[Your assignment]:
Nothing but the lines below from the one holding "Embroidered Safari Animal" up to and including the one holding "Hi Viz Cotton" should be copied, exactly and without pictures.

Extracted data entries
########################################
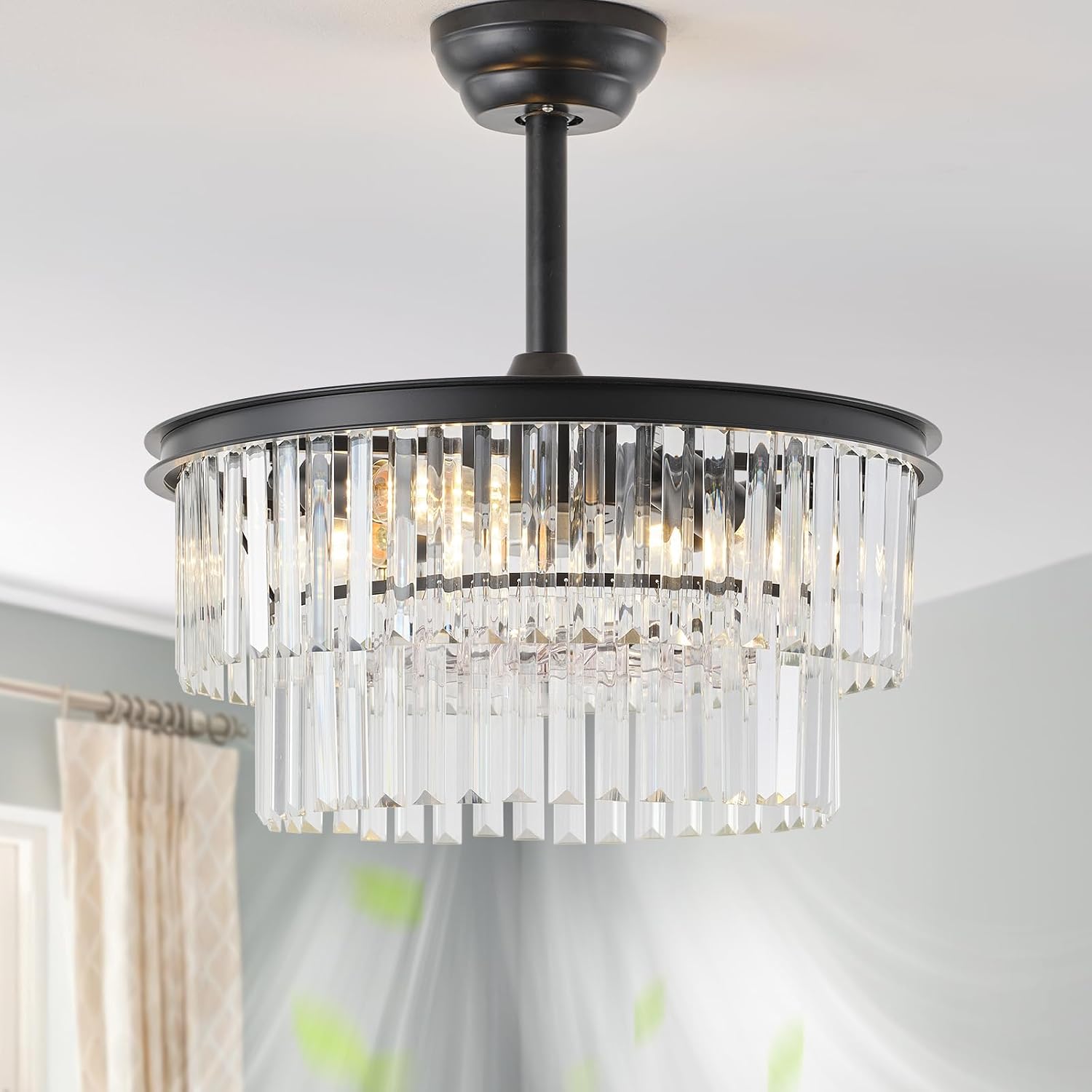 20' Black Crystal Fandelier Ceiling Fans with Lights,Farmhouse Rustic Caged Crystal Chandelier Ceiling Fan with Light Remote Control with 6 Speeds for Bedroom, Nursery, Living Room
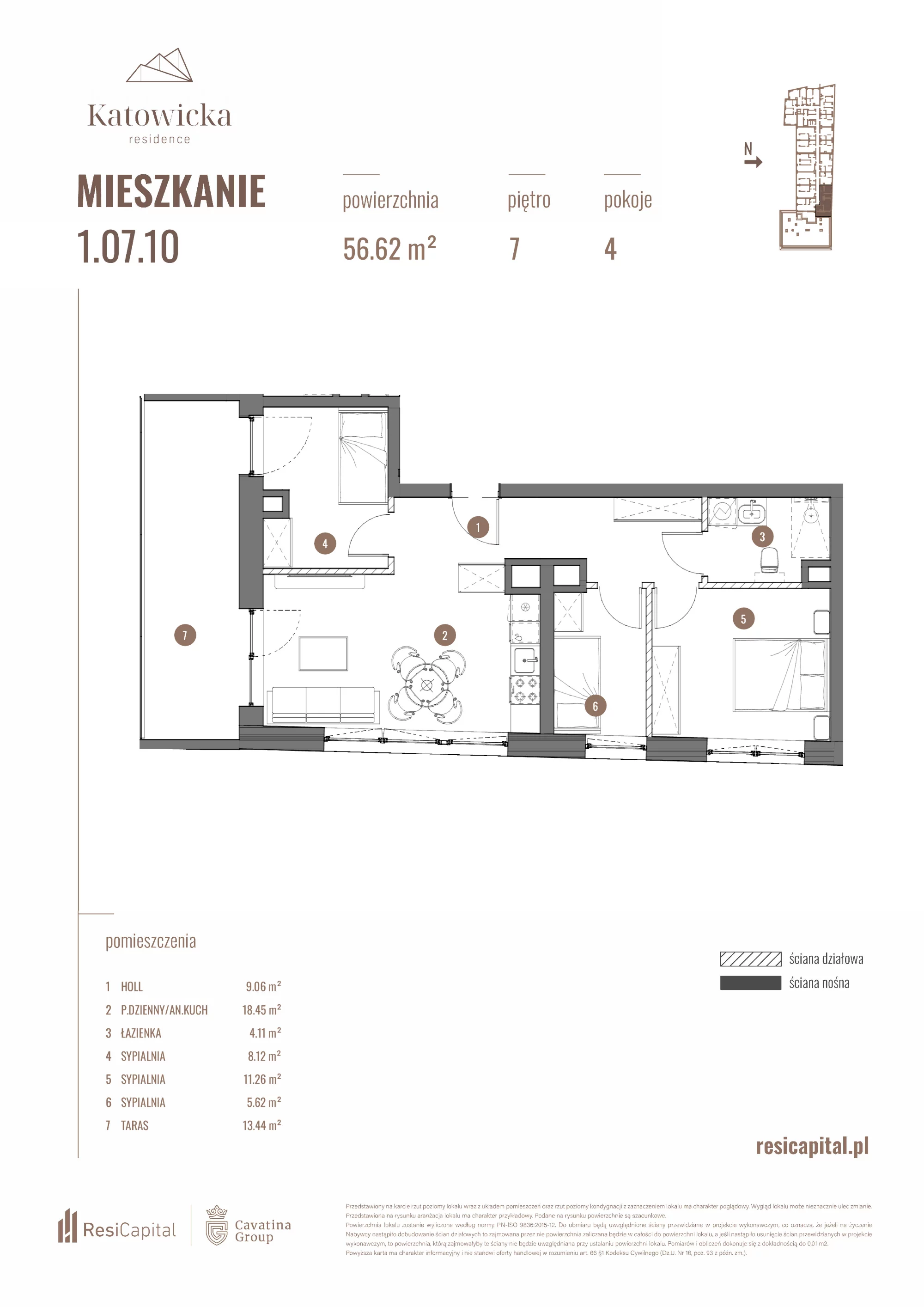 4 pokoje, apartament 56,62 m², piętro 7, oferta nr 1.07.10., Katowicka Residence, Katowice, Bogucice, ul. Katowicka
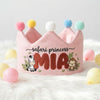 Embroidered Safari Animal Birthday Crown, Personalized Toddler Birthday Gift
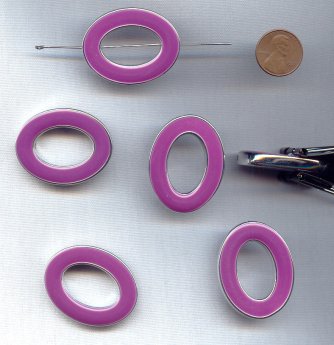 PURPLE SILVER - 40x31mm DUAL HOLE FLAT OVAL PENDANTS - Lot of 12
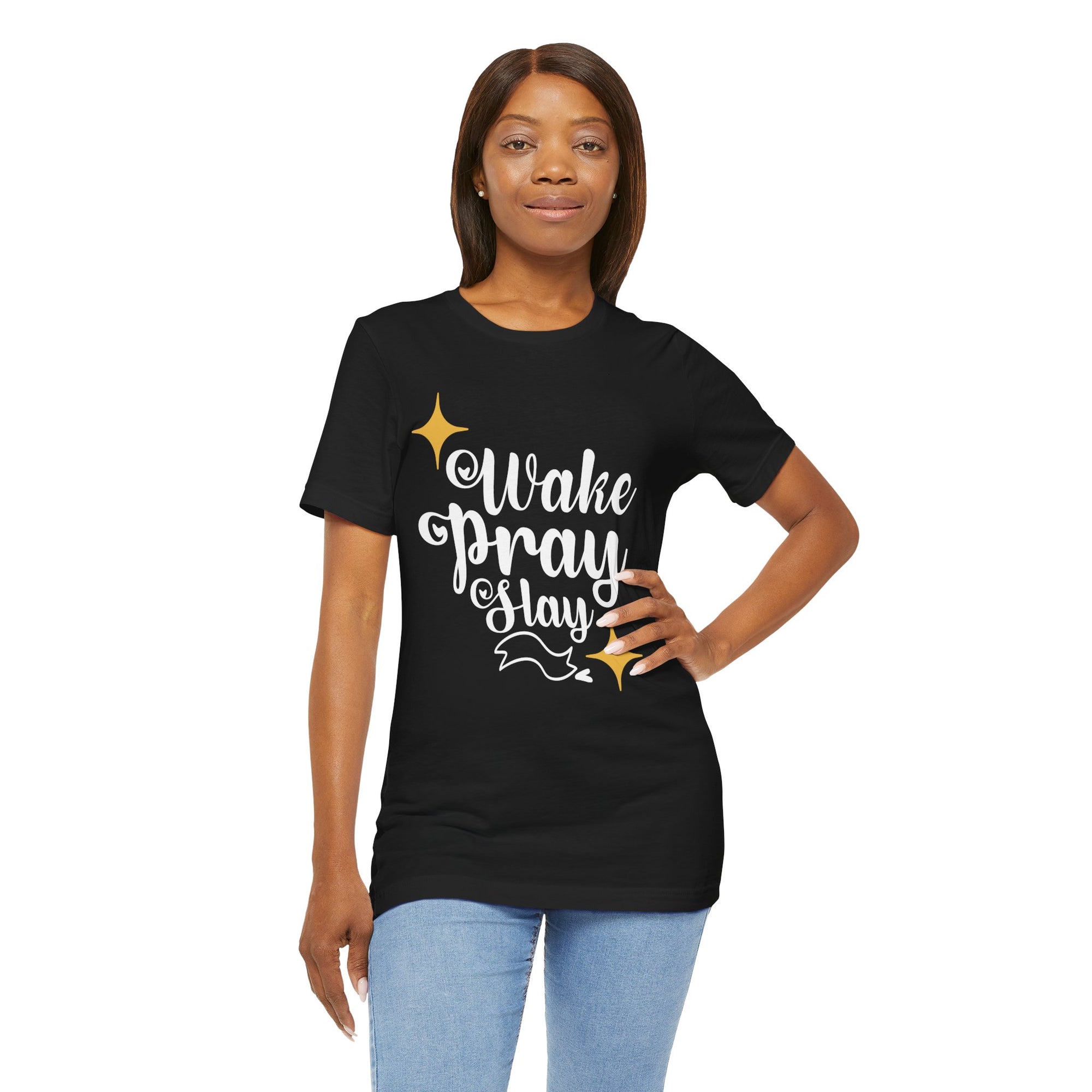 Wake Pray Slay Unisex Jersey Tee - Motivational Graphic Shirt for Everyday Inspiration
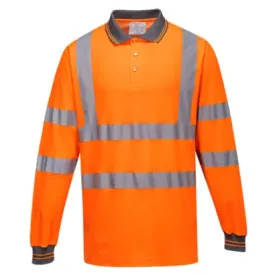 Hi Viz Cotton Comfort Polo shirt Long Sleeve RIS 3279 - S271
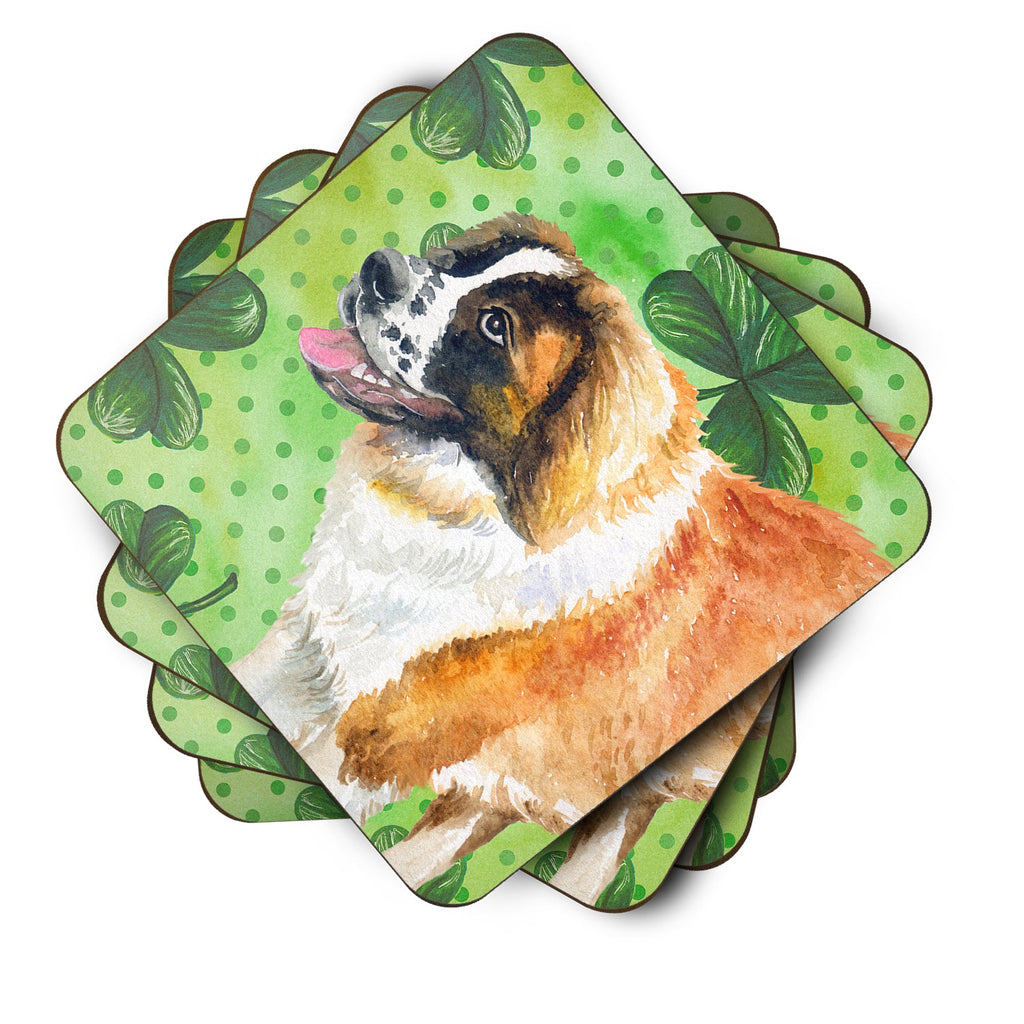 Saint Bernard St Patrick's Foam Coasters Set of 4 Cup Coasters for Indoor Outdoor, Tabletop Protection, Anti Slip, Mouse pad Material
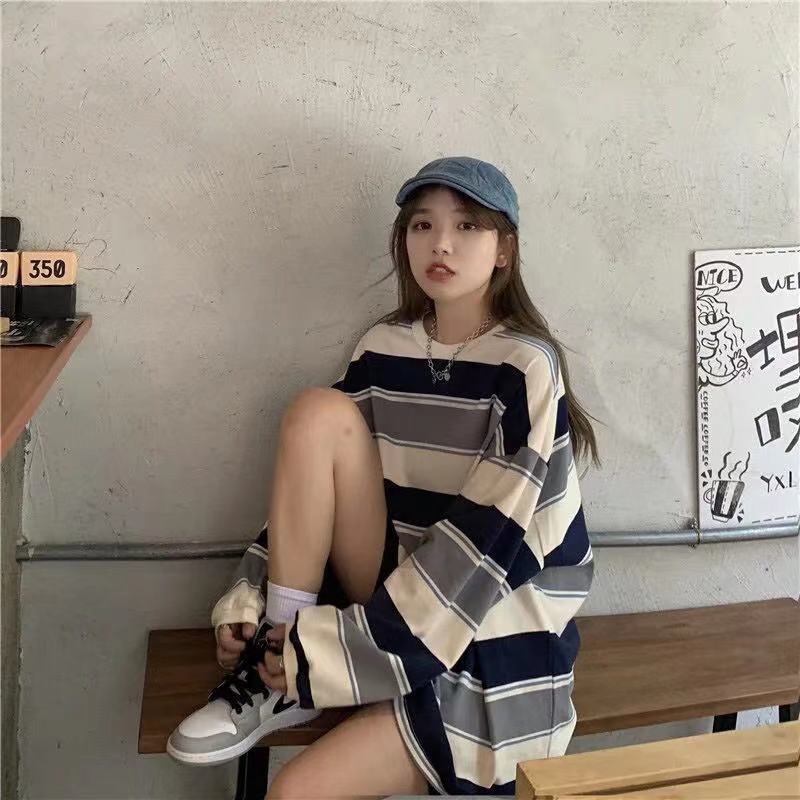 Thailand online celebrity T-shirt women's ins rainbow striped long-sleeved top 2020 Autumn Korean style loose foreign trade bottoming shirt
########################################
[Answer space]:
 Embroidered Safari Animal Birthday Crown, Personalized Toddler Birthday Gift
 PURPLE SILVER - 40x31mm DUAL HOLE FLAT OVAL PENDANTS - Lot of 12
 Wake Pray Slay Unisex Jersey Tee - Motivational Graphic Shirt for Everyday Inspiration
 Hi Viz Cotton Comfort Polo shirt Long Sleeve RIS 3279 - S271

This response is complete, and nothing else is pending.